In conclusione è possibile affermare che: il coltivatore diretto e l’imprenditore agricolo a titolo principale hanno il diritto di ricevere un’indennità in seguito all’espropriazione di terreno; l’indennità riconosciuta al proprietario espropriato dovrà essere pari al V.A.M.La Corte dei Conti ritiene che, nell’impossibilità di fare riferimento alle norme non più applicabili (art. 40 comma III) e in assenza di un intervento legislativo successivo alla sentenza 181/2011, l’unica via percorribile sarà quella della determinazione del corrispettivo per la cessione volontaria con le medesime modalità ora possibili per il calcolo dell’indennità di espropriazione, che si basa sul valore venale nel caso di aree non edificabili e non coltivate (art. 39 L. 2359/1865) e in base al valore agricolo effettivo per le aree non edificabili e coltivate (art. 40, comma I); non potranno essere applicate le maggiorazioni previste dall’art. 45 comma II, lettere c) e d).

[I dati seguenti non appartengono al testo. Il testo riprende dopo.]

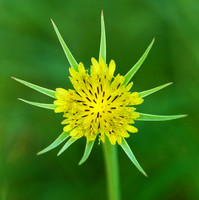 Tragopogon dubius (Goat's Beard), Ernie Miller Park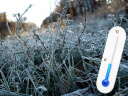 В ближайшие дни в Ивановской области ожидаются ночные заморозки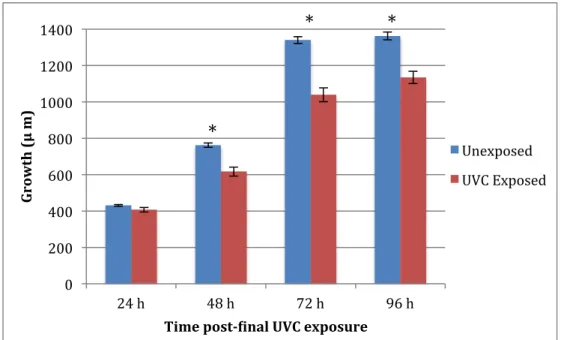 Figure 8. N2 growth after three consecutive exposures to 7.5 J/m 2  UVC (n = 20).  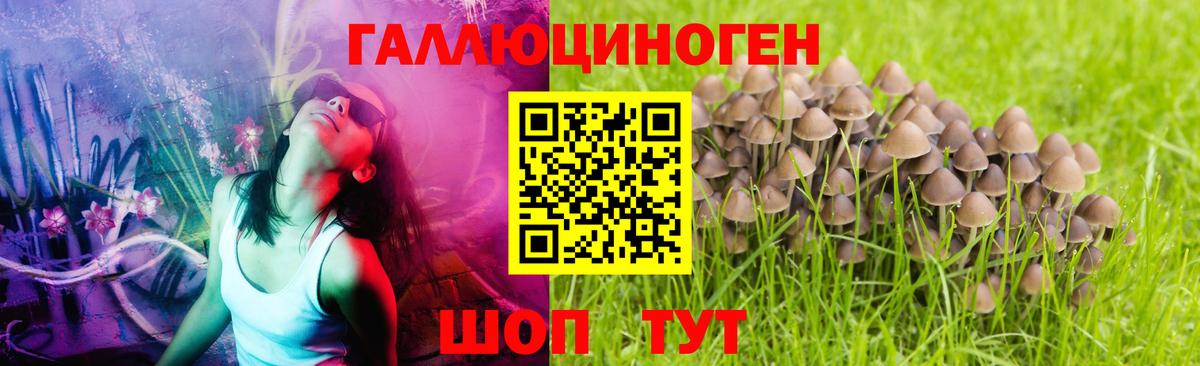 Галлюциногенные грибы MAGIC MUSHROOMS  Псилоцибиновые грибы прущие грибы  Вход с VPN  Бахчисарай 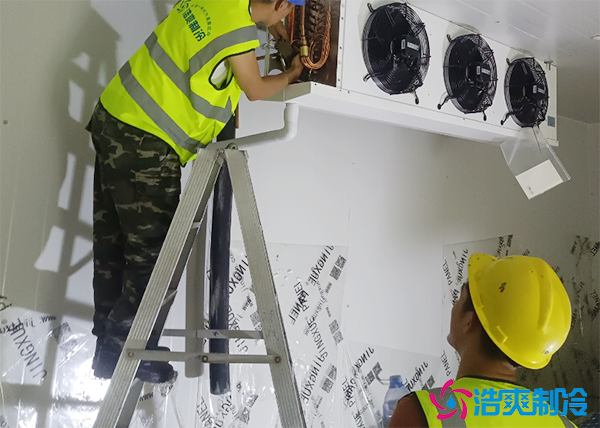 1000平米大型排骨冷庫建造設計方案,排骨冷凍庫安裝造價預算多少錢?-浩爽制冷 1000平米大型排骨冷庫建造設計方案,排骨冷凍庫安裝造價預算多少錢?-浩爽制冷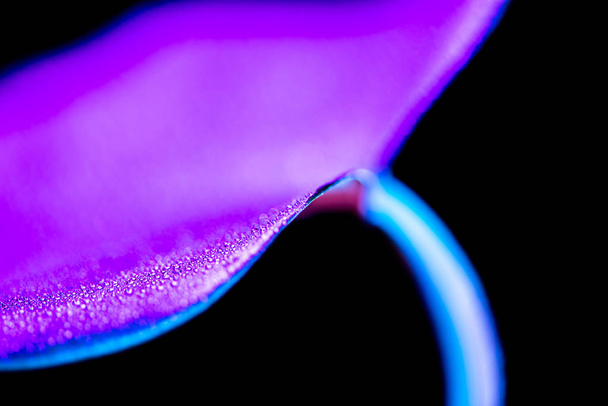 imagen tonificada de hoja tropical púrpura, aislada en negro
 - Foto, imagen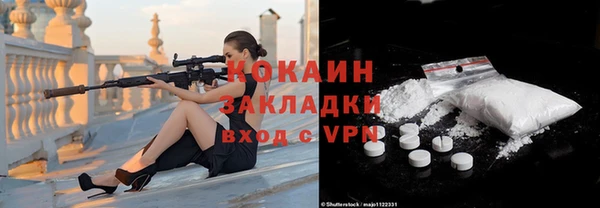 PSILOCYBIN Горняк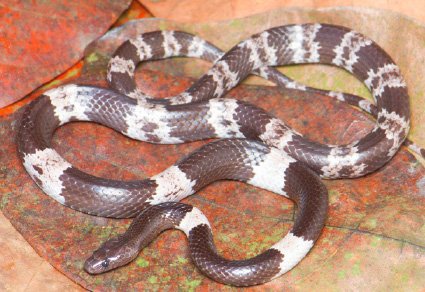 Zootaxa's tweet photo. A new limestone-associated species of wolf #snake in the #Lycodon #fasciatus complex (#Squamata: #Serpentes: #Colubridae) from central #Vietnam
#taxonomy
#newspecies
https://t.co/hCOcvUnRWz https://t.co/Ir7mTUO2TB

A questi due soggetti è riconosciuto un indennizzo che deve comprendere il ristoro del pregiudizio arrecato dall’espropriazione all’attività aziendale agricola esercitata sul quel terreno, nel senso che il pregiudizio deve concretamente consistere in un danneggiamento materiale dell’immobile o nella compromissione di una condizione di fatto essenziale per l’utilizzazione o il godimento dello stesso (Cass. n. 8502/2006, n. 27801/2005), e deve risolversi sul piano economico in una effettiva diminuzione del valore venale del bene su cui era allocata l’azienda agricola.